26. Natural Theory / D. Laws of Nature / 4. Regularities / a. Regularity theory
'Humans with prime house numbers are mortal' is not a law, because not a natural kind [Maudlin]
     Full Idea: 'All humans who live in houses with prime house numbers are mortal' is not a law because the class referred to is not a natural kind.
     From: Tim Maudlin (The Metaphysics within Physics [2007], 1.6)
     A reaction: Maudlin wants laws to be primitive, but he now needs a primitive notion of a natural kind to make it work. If kinds generate laws, you can ditch the laws, and build your theory on the kinds. He also says no death is explained by 'all humans are mortal'.
26. Natural Theory / D. Laws of Nature / 4. Regularities / b. Best system theory
Lewis later proposed the axioms at the intersection of the best theories (which may be few) [Mumford on Lewis]
     Full Idea: Later Lewis said we must choose between the intersection of the axioms of the tied best systems. He chose for laws the axioms that are in all the tied systems (but then there may be few or no axioms in the intersection).
     From: comment on David Lewis (Subjectivist's Guide to Objective Chance [1980], p.124) by Stephen Mumford - Laws in Nature
If laws are just regularities, then there have to be laws [Maudlin]
     Full Idea: On the Mill-Ramsey-Lewis account of laws, I take it that if the world is extensive and variegated enough, then there must be laws.
     From: Tim Maudlin (The Metaphysics within Physics [2007], 5.2)
     A reaction: A nice point. If there is any sort of pattern discernible in the surface waves on the sea, then there must be a law to cover it, not matter how vague or complex.

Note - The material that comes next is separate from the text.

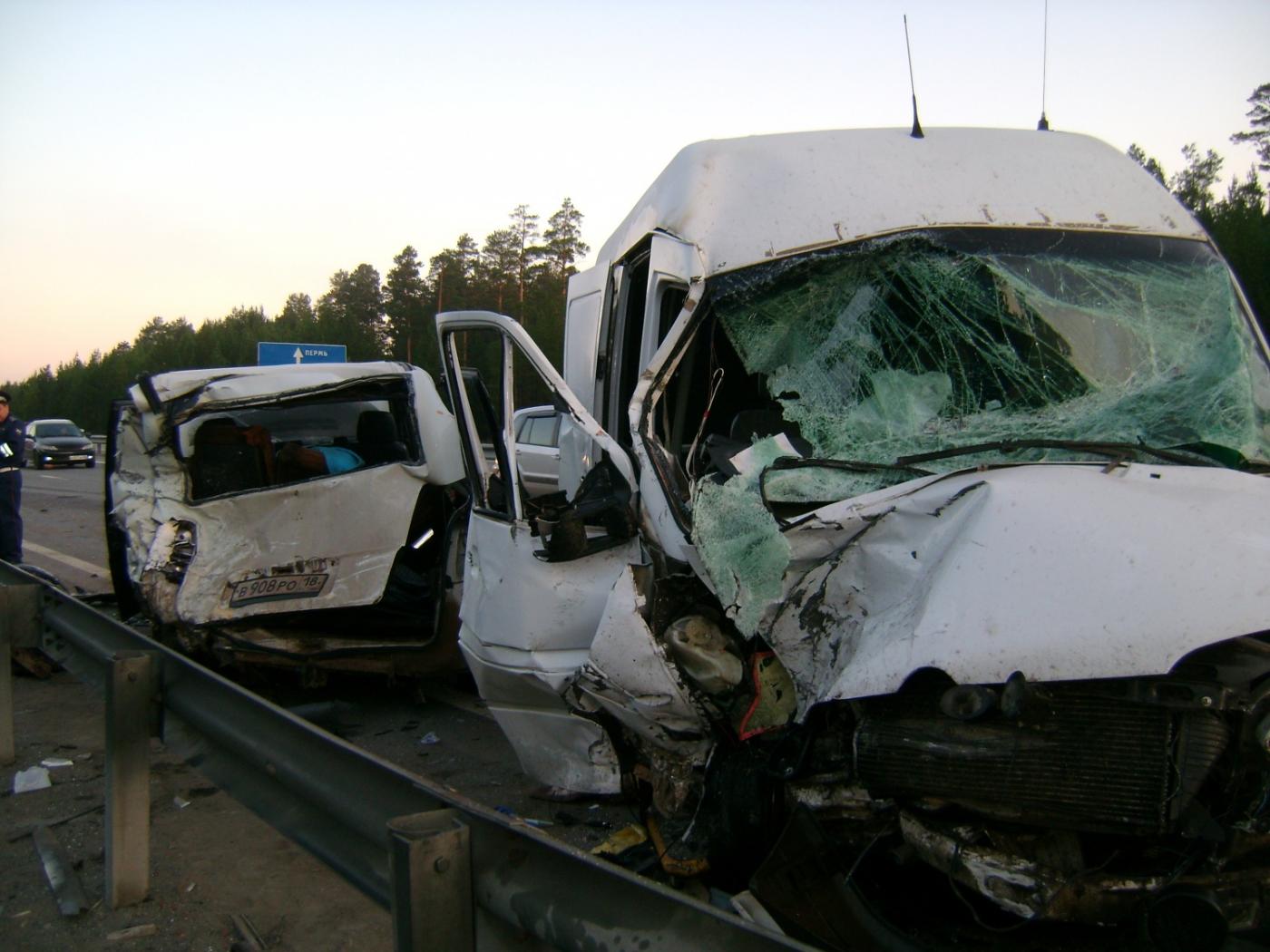В страшной аварии на Пермской трассе два человека погибли и девять — пострадали - Фото 1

27. Natural Reality / D. Time / 1. Nature of Time / a. Absolute time
I believe the passing of time is a fundamental fact about the world [Maudlin]
     Full Idea: I believe that it is a fundamental, irreducible fact about the spatio-temporal structure of the world that time passes.
     From: Tim Maudlin (The Metaphysics within Physics [2007], 4)
     A reaction: Worth quoting because it comes from a philosopher fully informed about, and heavily committed to, the physicist's approach to reality. One fears that physicists steeped in Einstein are all B-series Eternalists. Get a life!
27. Natural Reality / D. Time / 2. Passage of Time / b. Rate of time
If time passes, presumably it passes at one second per second [Maudlin]
     Full Idea: It is necessary and, I suppose, a priori that if time passes at all it passes at one second per second. …Similarly, the fair exchange rate for a dollar must be a dollar.
     From: Tim Maudlin (The Metaphysics within Physics [2007], 4.1)
     A reaction: [He is discussing Huw Price on time] This is a reply to the claim that if time passes it has to pass at some rate, and 'one second per second' is ridiculous. Not very convincing, even with the dollar analogy.
27. Natural Reality / D. Time / 2. Passage of Time / e. Tensed (A) series
There is one ordered B series, but an infinitude of A series, depending on when the present is [Maudlin]
     Full Idea: Given events ordered in a B series, one defines an infinitude of different A series that correspond to taking different events as 'now' or 'present'. McTaggart talks of 'the A series' when there is an infinitude of such.
     From: Tim Maudlin (The Metaphysics within Physics [2007], 4.3 n11)
     A reaction: This strikes me as a rather mathematical (and distorted) claim about the A series view. The A-series is one dynamic happening. Not an infinity of static times lines, each focused on a different 'now'.